Classification - Groups like things together
Examples includes: Classifying accounts by regions, classifying assets by risk level, Organizing products by brand
In these hierarchies, the children are subdivisions, or further refinements of a specific category. These hierarchies usually require that members of a group or subgroup inherit attributes that are unique to that group. For example, in an employee hierarchy that classifies US-based employees by exempt vs. nonexempt, we would expect to see an an overtime rate for the non-exempt employee nodes.
Next, how are hierarchies managed?
When discussing hierarchy management I often hear that there are two main ways to create the hierarchy, either
Automatically, the hierarchy is derived from the underlying data relationships between the items you'd like to include, or
Manually, the hierarchy is explicitly created by a subject matter expert
Again, let's take a step back, and remember that the purpose of hierarchy management is making sure that members and levels are in the right place. What this means is that, whether node placement is derived from a data relationship, or an explicit decision by a user, at some point, an accountable party will need to determine if the hierarchy is accurate. This simple requirement has several big ramifications, some examples:
Who has the rights to create? review? approve?

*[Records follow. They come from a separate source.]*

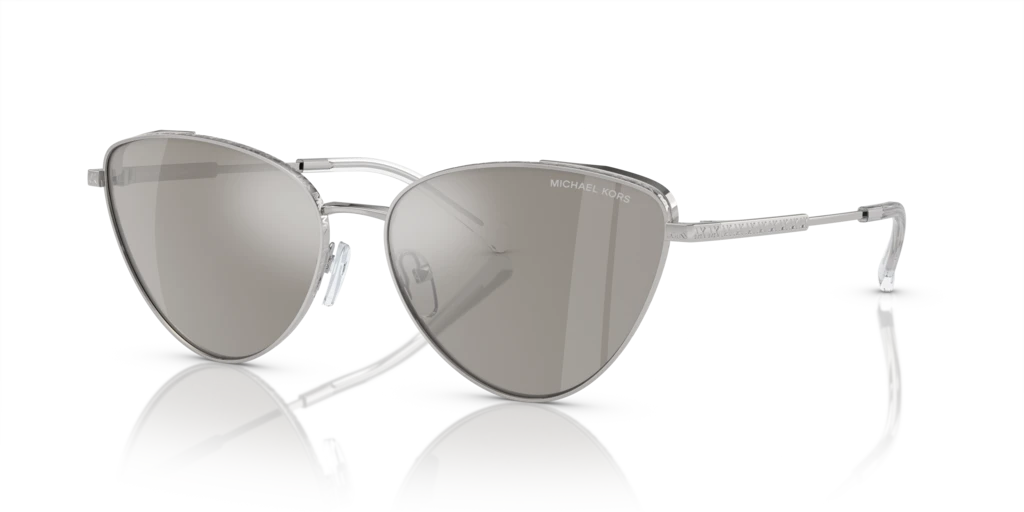 Michael Kors MK1140 18936G - 59 - Güneş Gözlükleri
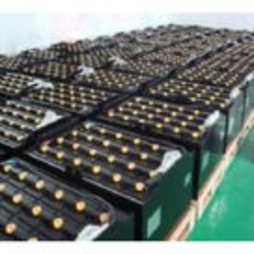合力叉车蓄电池杭州叉车电池台励福叉车电池宝骊叉车蓄电池。 150-1500AH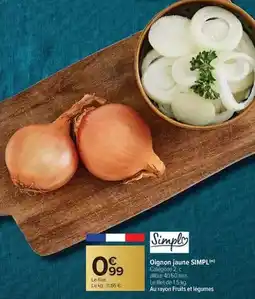 Carrefour Market Bridélice - ma crème légère fouettée offre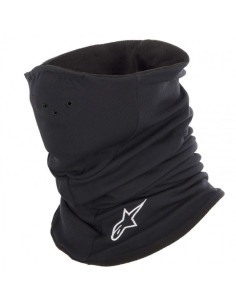 Tour De Cou Alpinestars Tech Neck Warmer Baselayer
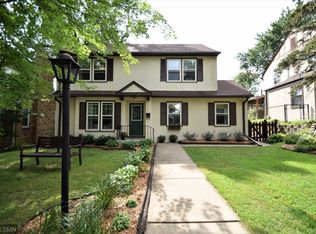 5436 11th Ave S, Minneapolis, MN 55417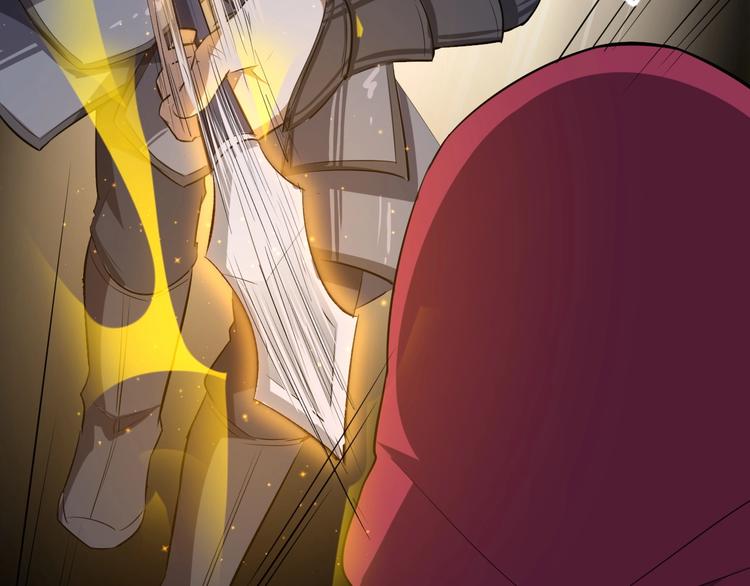 第43话 纵死不倒(1/3)-第44话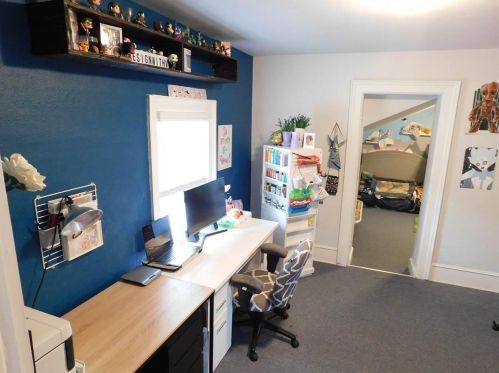 506 3 St, Watertown WI 53094-4510 exterior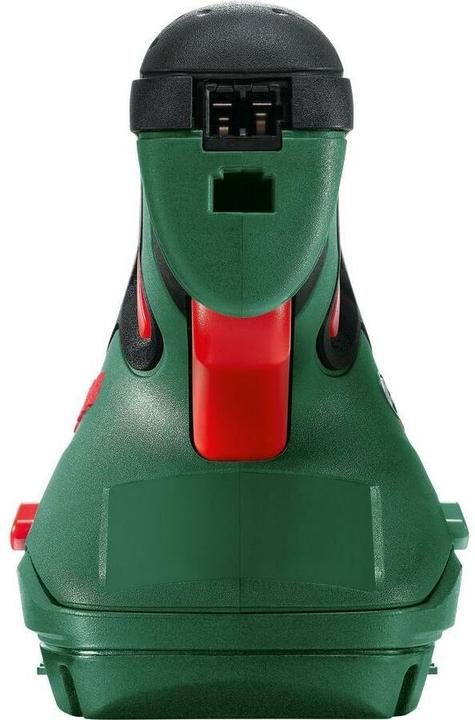 Produktbild Bosch Home & Garden Isio (Akkubetrieb)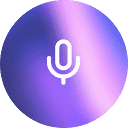 Audioscribe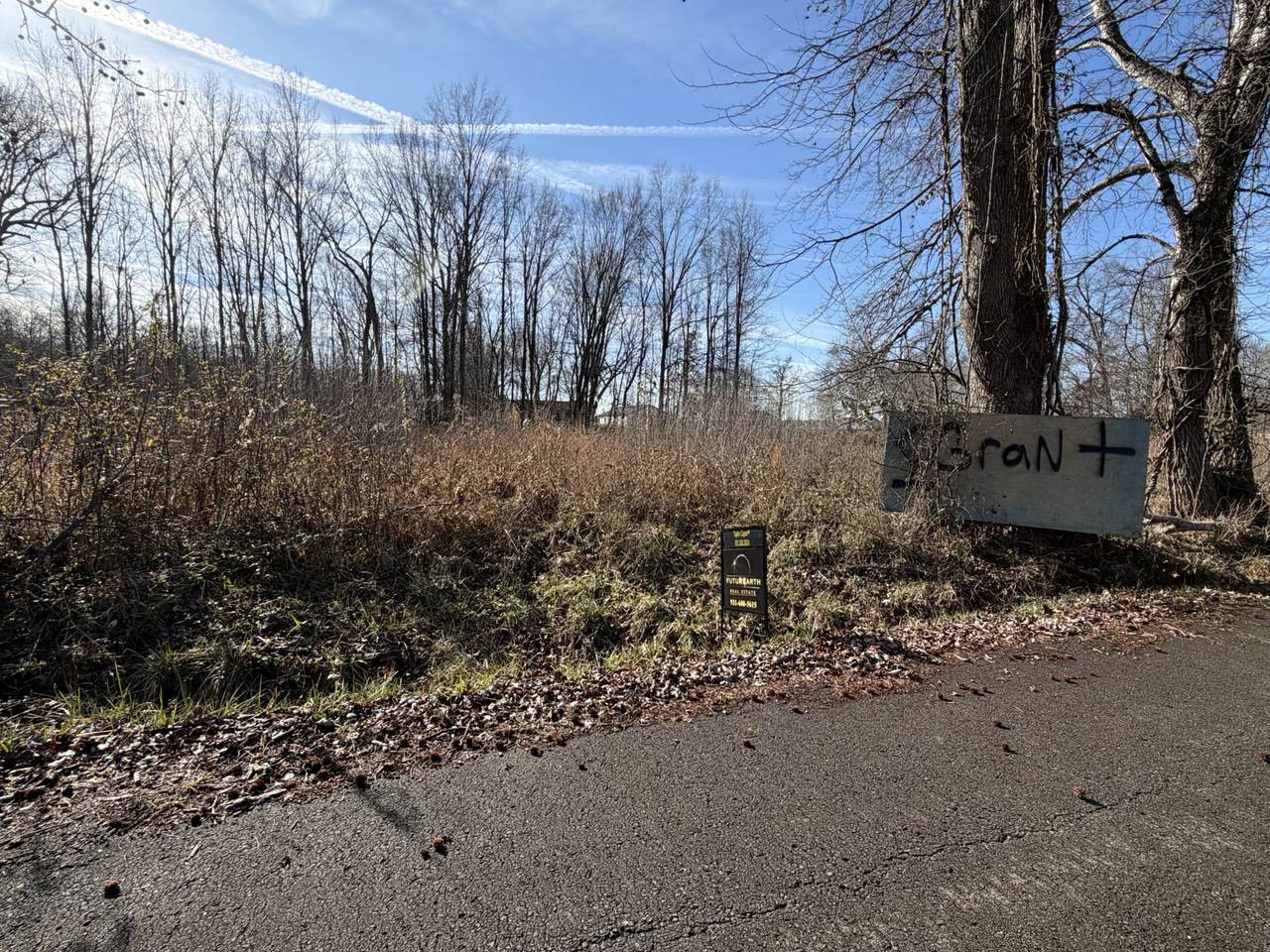 1 Grant St - Photo 1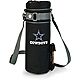 Picnic Time Dallas Cowboys Wine Sack Tote                                                                                        - view number 1 image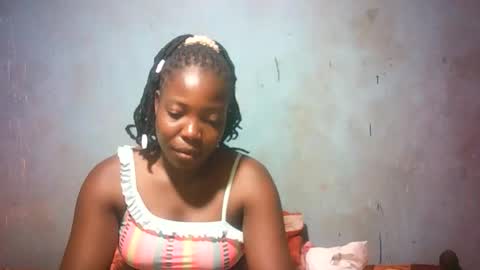 sexy_sandrah online show from September 14, 3:02 pm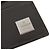 Fendi Canvas Leather Long Wallet Brown - view 6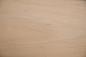 Preview: Alder, - veneer (0,6mm) - 2,62m² (24pcs. x 109cm x 10cm)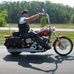 Profile Picture of Joe Jeffries (@joe.jeffries.948) on Facebook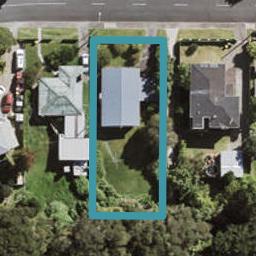 15 Helena Street, Massey, Auckland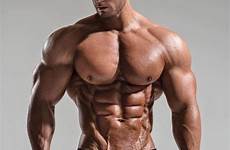 morphed jacked gym bodybuilder buff bodybuilding tallsteve bodybuilders builtbytallsteve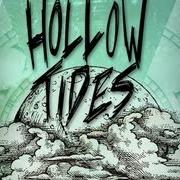 Hollow Tides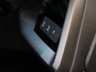 USED 2023 73 AUDI A3 2.5 RS 3 TFSI QUATTRO VORSPRUNG 5d 395 BHP DAYTONA GREY VORSPRUNG, RS DYNAMIC PACK INCLUDING CARBON CERAMIC BRAKES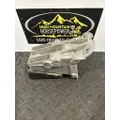 KENWORTH T880 Hood thumbnail 6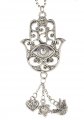 Ganz Car Charm Hamsa Er47930 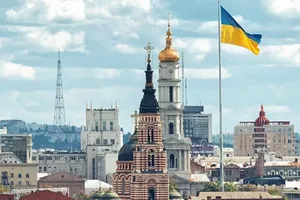 В Харькове отменили налоги на землю и недвижимость для бизнеса
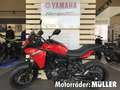 Yamaha Tracer 7 Aktions-Modell, sofort verfügbar Rot - thumbnail 7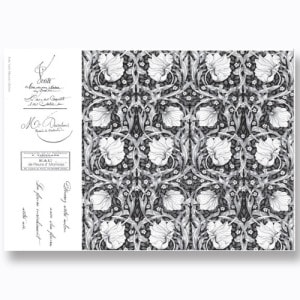 417-7167 Wꥹɻ A4륯꡼ á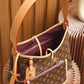 Louis Vuitton Master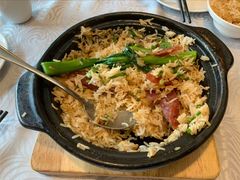 -至尊强仔(正光北街店)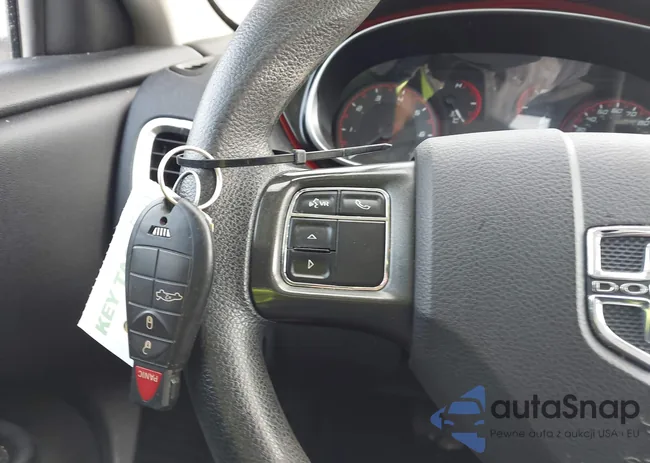 1C3CDFBB4FD132199: 41333366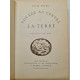 Voyage au centre de la terre
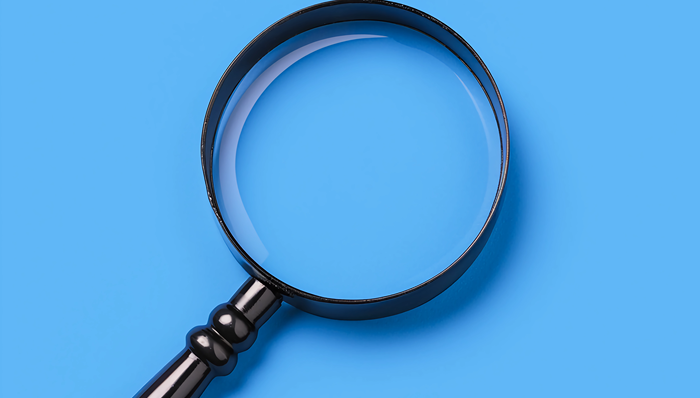 银行互联网贷款业务再上“紧箍咒” ：监管发文要求加强合作机构管理，严禁违规催收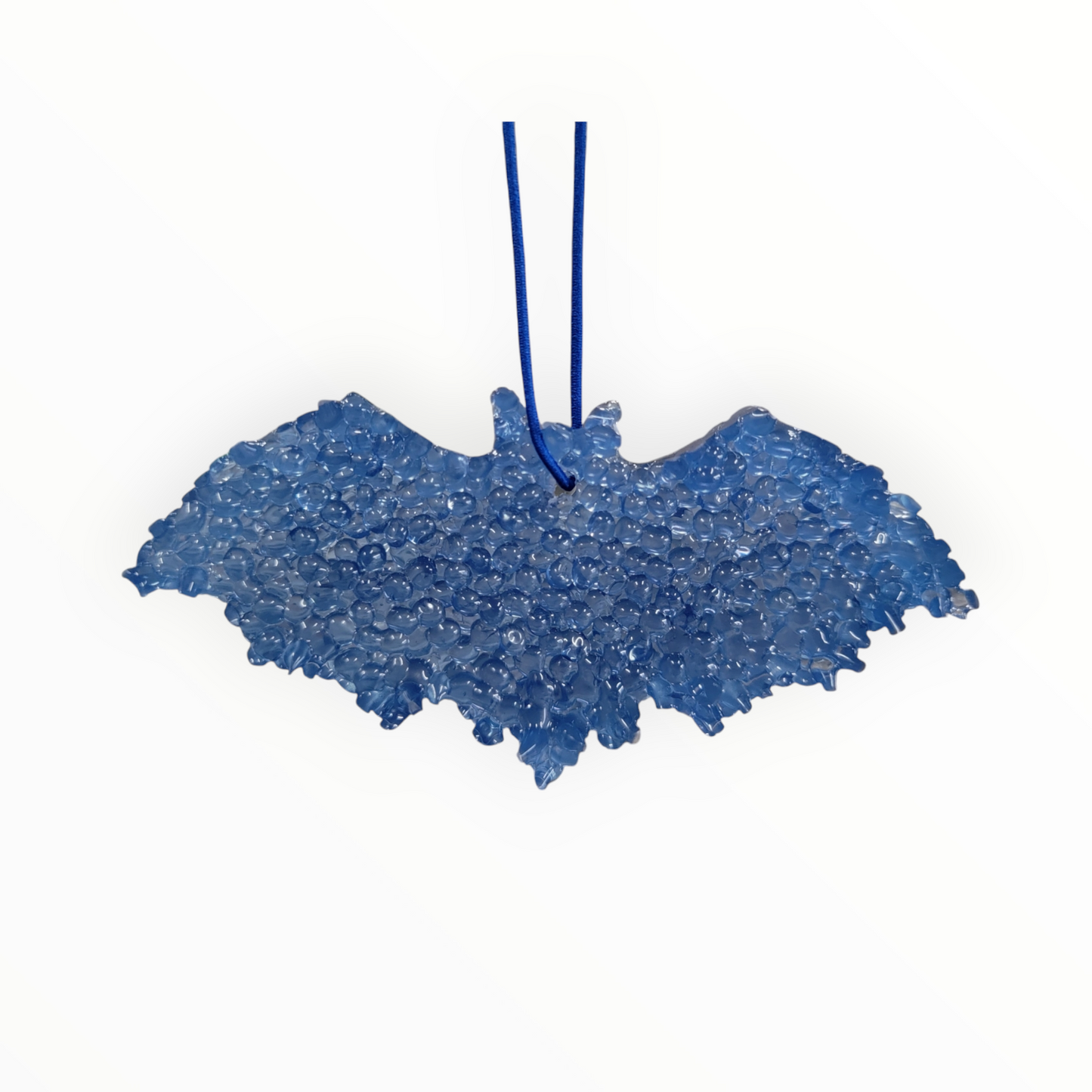 Bat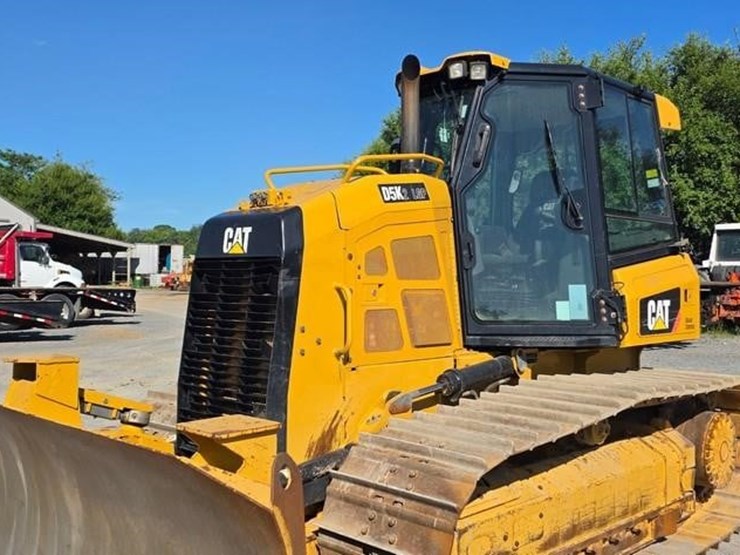2020-caterpillar-d5k2-lgp-image-7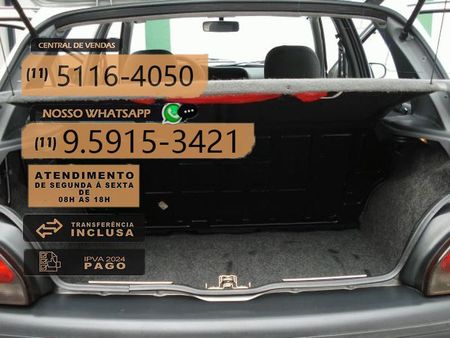Clio Hatch. RT 1.6 8V
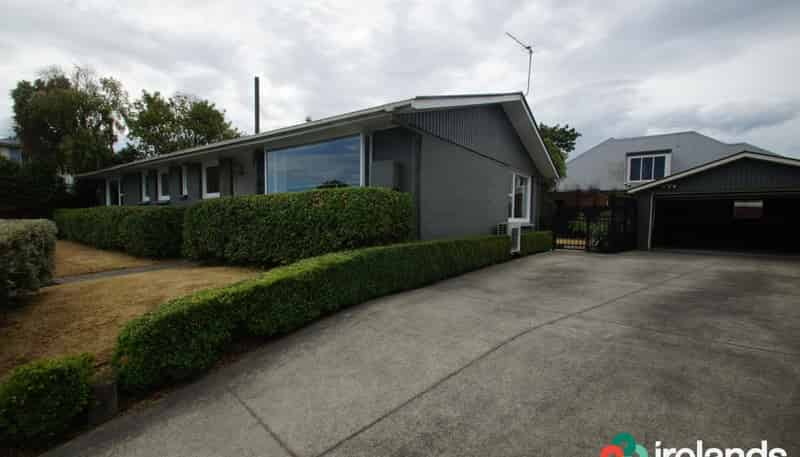 10 Chislehurst Place, Bryndwr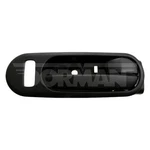 For Mazda CX-7 07-12 Dorman Help! Front Passenger Side Interior Door Handle. Fixed Price $91.10.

How do you support workflows for review and approval?
Can your accountable parties use the tool to create, review, compare hierarchies?
What do you do with the retired versions?
Some of these issues around governance, workflow, user-friendliness, and versioning are essential to sort out when considering your hierarchy management strategy.
Finally, how do you ensure that your hierarchy members are accurate?
Well, ensuring that your hierarchy members and their attributes are accurate is actually part and parcel of keeping your dimensions conformed, which is a topic for another blog post.